Well Save in natural key tables would have a different signature. My general preference would be for all tables to share a common interface TableBase and then differing on the Save and Delete function.

alpe commented 4 years ago

So which version would save gas

Separate "Create", "Save" methods are more efficient in terms of Gas than a single "Put". The Put would have to do the switch if store.Has(key) { update code } else { insert code}

aaronc commented 4 years ago

So which version would save gas

Separate "Create", "Save" methods are more efficient in terms of Gas than a single "Put". The Put would have to do the switch if store.Has(key) { update code } else { insert code}

But with an external key table, if you call create and there is an existing entry and you don't call store.Has, then you risk putting the database in a bad state because secondary indexes won't get cleaned up. It seems like Create is only safe to do without doing a Has check when the key is auto-generated.

alpe commented 4 years ago

It seems like Create is only safe to do without doing a Has check when the key is auto-generated.

Ja, I had documented this in the Table.Create function.

The NaturalKeyTable calls the Has() function before persisting via table.Create. In Weave the sequence based buckets were the most common use case. Therefore it made sense for me to optimize for this scenario and have the check not inside Table.Create. I also assumed that the caller has more context from the process and knows when to call create or save. The "Has() check" may have happened already by loading an entry for modifications or AuthZ.

With the External Key table the question is still do we need a new api or can we go with the current Table functions? In weave we had moved to a single Put in the ModelBucket for most scenarios but there were not extra Gas costs for the Has() call that we want to avoid here.

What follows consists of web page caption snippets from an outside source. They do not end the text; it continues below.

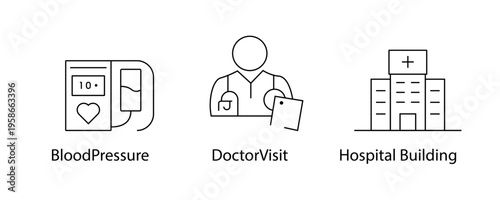 Doctor Visit, Hospital Building, Blood Pressure, Medical Checkup, Healthcare Facility, Clinic Visit, Doctor Consultation, Patient Examination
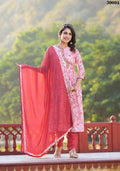 Designer Stylish Light Pink Rubi Silk Stitched Suit With Dupatta - Kiyara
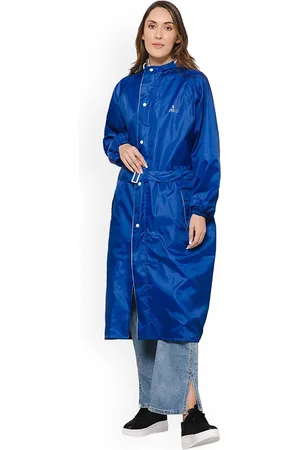THE CLOWNFISH Drizzle Diva Waterproof Reversible Double Layer Hooded Rain Jacket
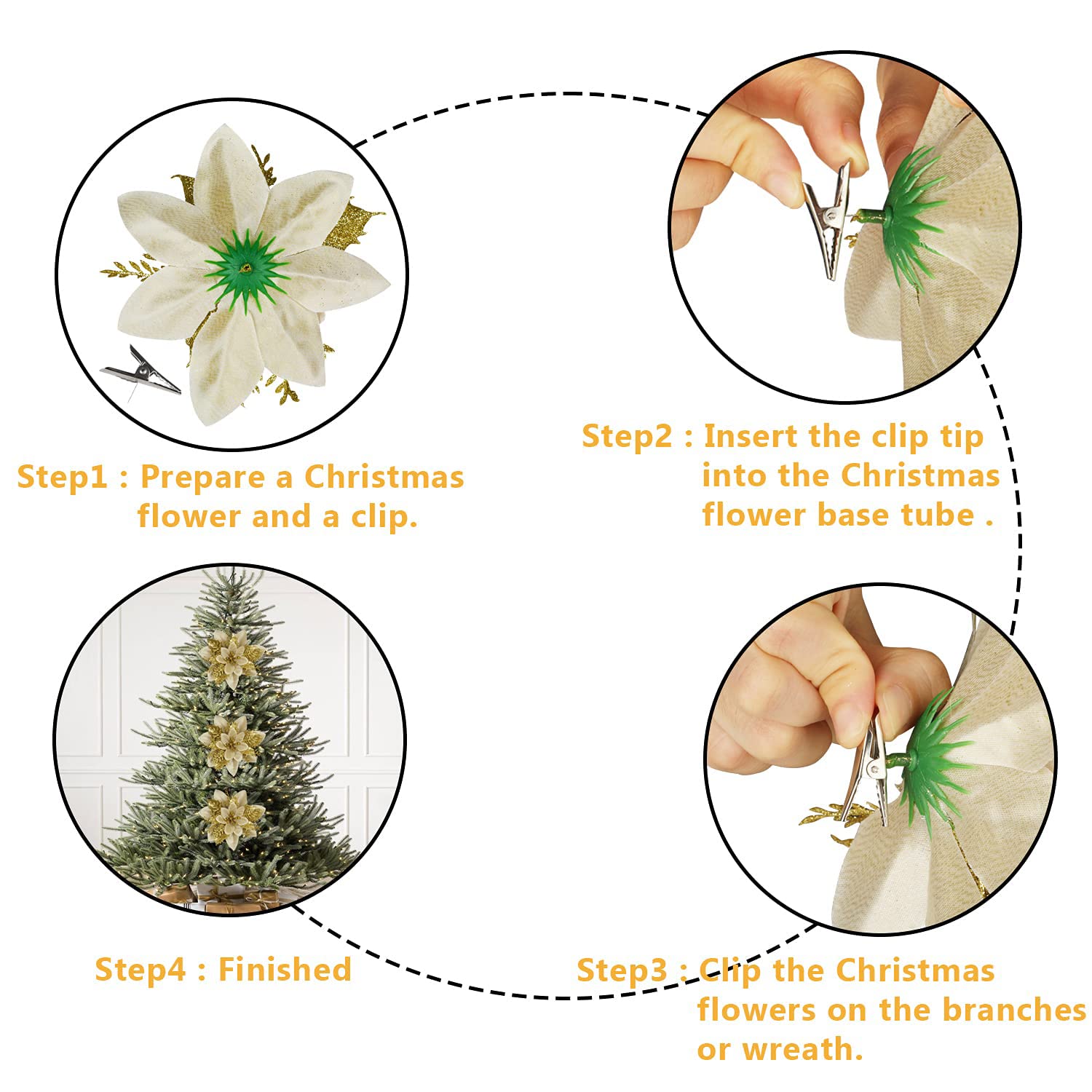 Amazon｜BAOTUJIA クリスマスポインセチアの花 12個 造花 クリスマス
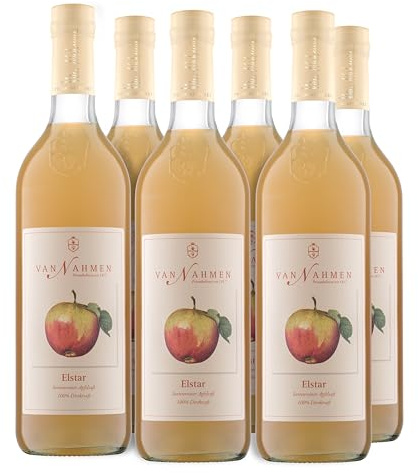 van Nahmen Elstar Apfelsaft (BIO) - 100% Direktsaft, vegan, 6x750ml | Naturtrüber Bio-Direktsaft aus der Sorte Elstar – frisch & leicht mit einer knackigen Säure, vegan und ohne Zuckerzusatz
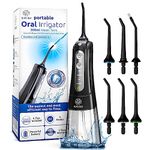 High-Power Water Flosser: 4 Modes, Gentle on Gums, Removes Plaque & Food Particles, Waterproof Cordless Oral Irrigator Rechargeable 6 Replacement Tips Included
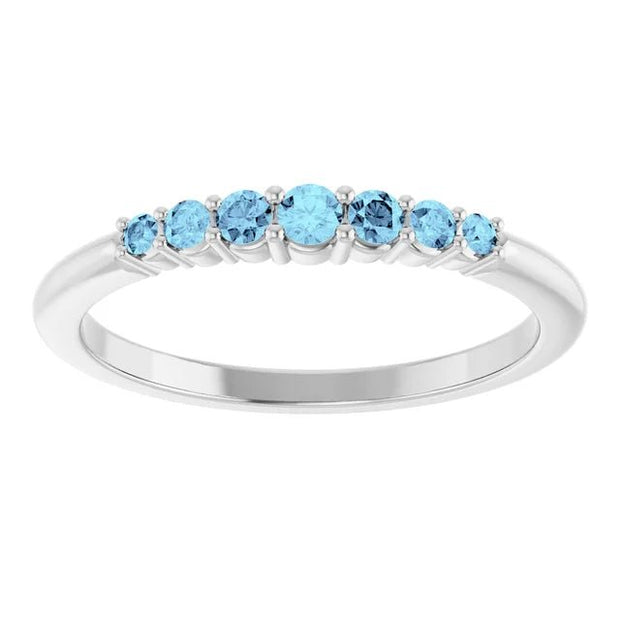 14K White Natural Aquamarine Stackable Ring - Robson's Jewelers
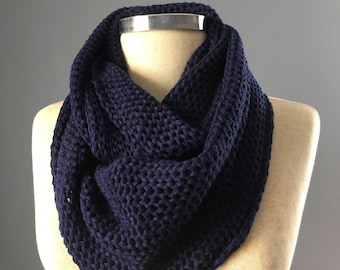 Christmas Sale, Scarves, unisex, Dark blue scarf, knit scarf, 12 colors, Cowl Scarf, gift for her, İnfinity scarf, scarf, chunky scarf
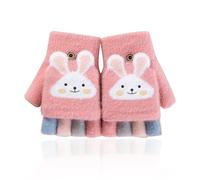 1 paio di guanti da coniglio per bambini, senza dita, guanti rosa, guanti da cartoni animati per ragazze, caldi guanti pieghevoli, adatti per l'inverno, Colore: rosa., Extra breit
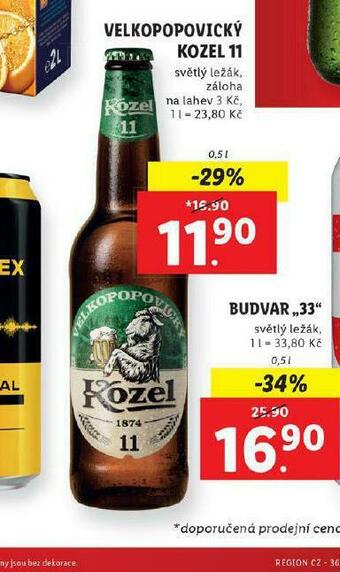Lidl Pivo velkopopovický kozel 11 nabídka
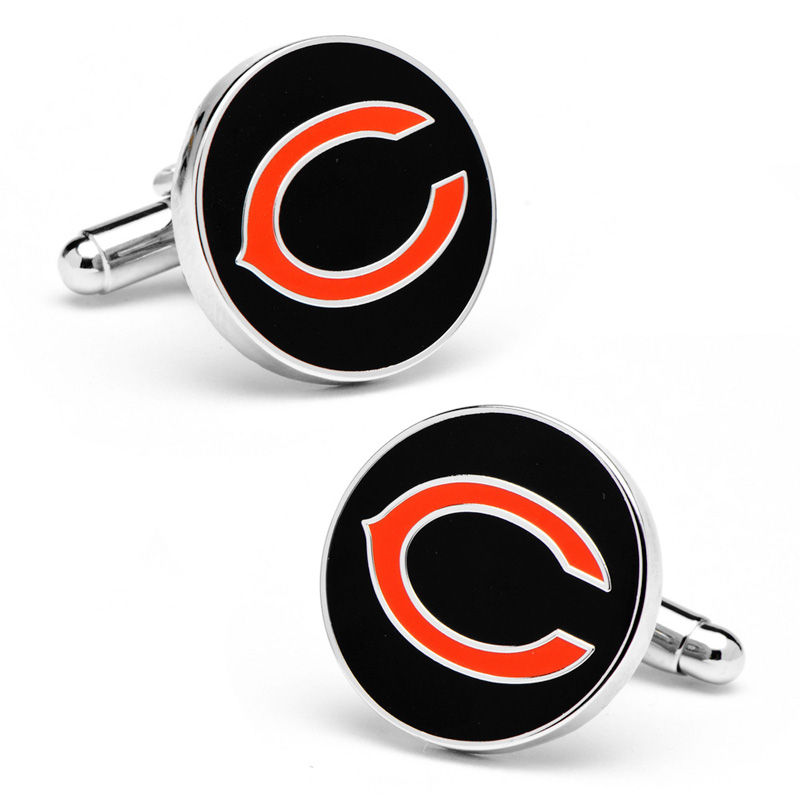 Main Image 1 of Men's NFL Chicago Bears Logo Enamel Cuff Links in White Rhodium Brass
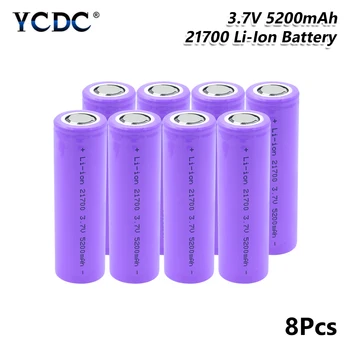 

High Drain 20A 3.7V LI-ION BATTERY 5200MAH 21700 Battery Rechargeable LI-ION CELL FOR VAPE TORCH For Flashlight 6/8/10 PCS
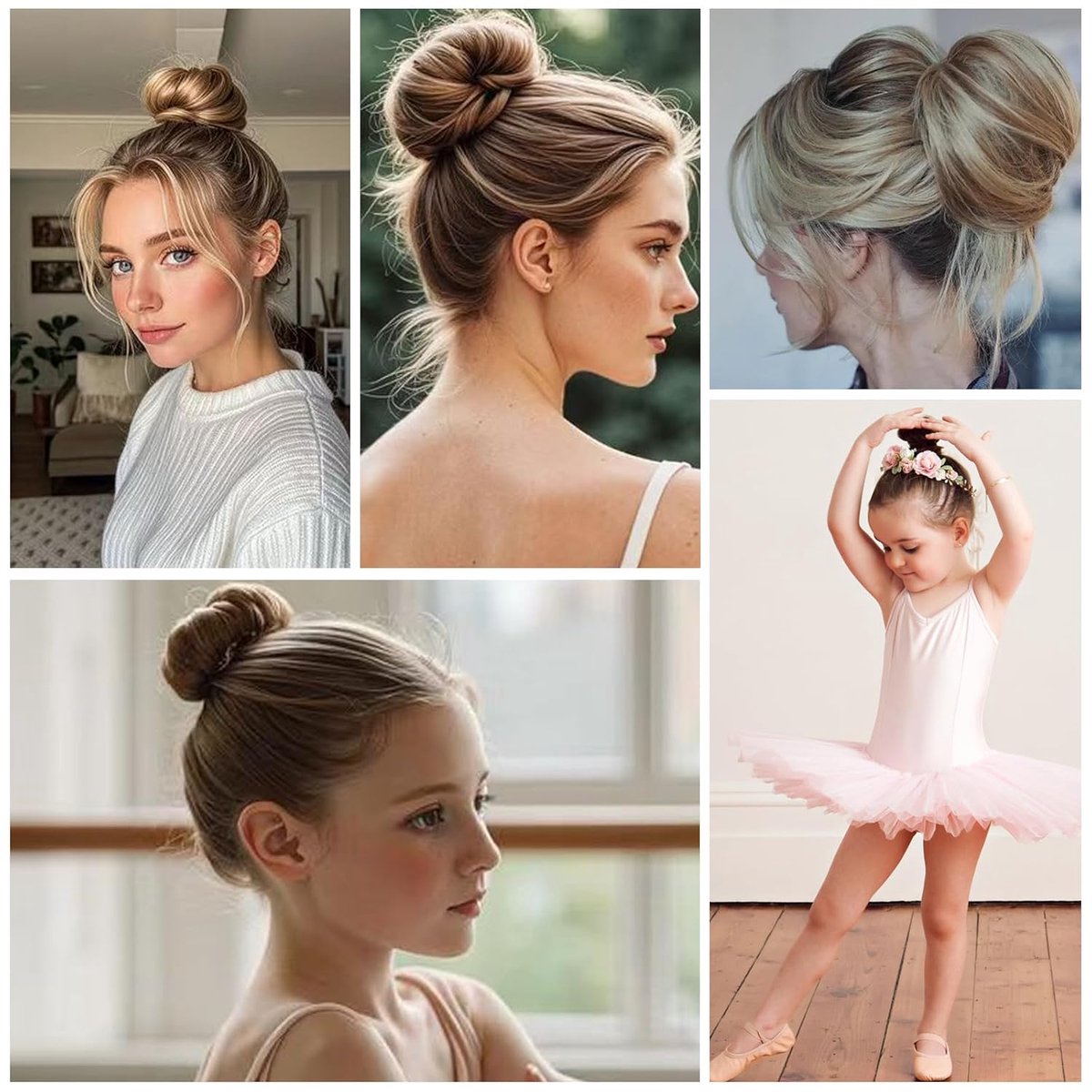 4-piece bun maker - Magic hairband - For children and women - DIY styler - Easily create a ballerina hairstyle - Create a perfect bun - Hairband - Bun - Bun maker for long hair - Four different colors - Image 3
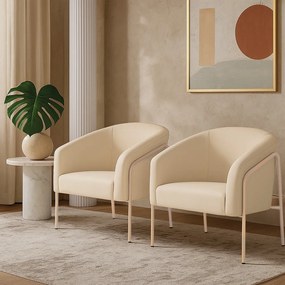 Poltrona Sala Industrial Alta Champanhe Kit 2 Stella Suede D03 - D'Rossi - Bege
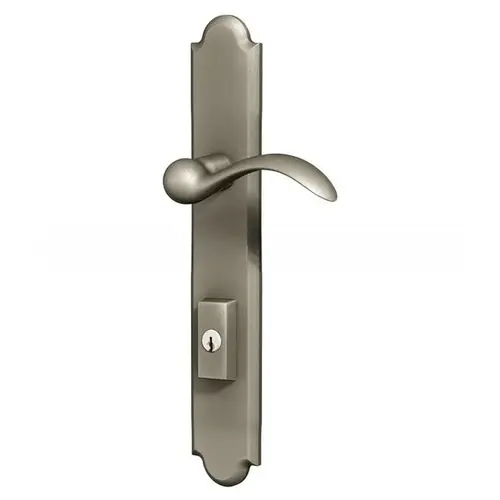 Boulder Multi Point Trim Keyed Entry with Turn Knob Configuration 5 Minus Lever Lifetime Satin Nickel Finish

I think when we start building modules based on this more puristic ORM design we will evolve into new APIs as we go and learn

aaronc commented 4 years ago

Let's see how things go with the group module first. Also I wouldn't take the current gas costs as set in stone to be honest. I think performance should be a higher consideration and gas costs should be an accurate reflection of that. If they aren't we should document and raise an issue upstream.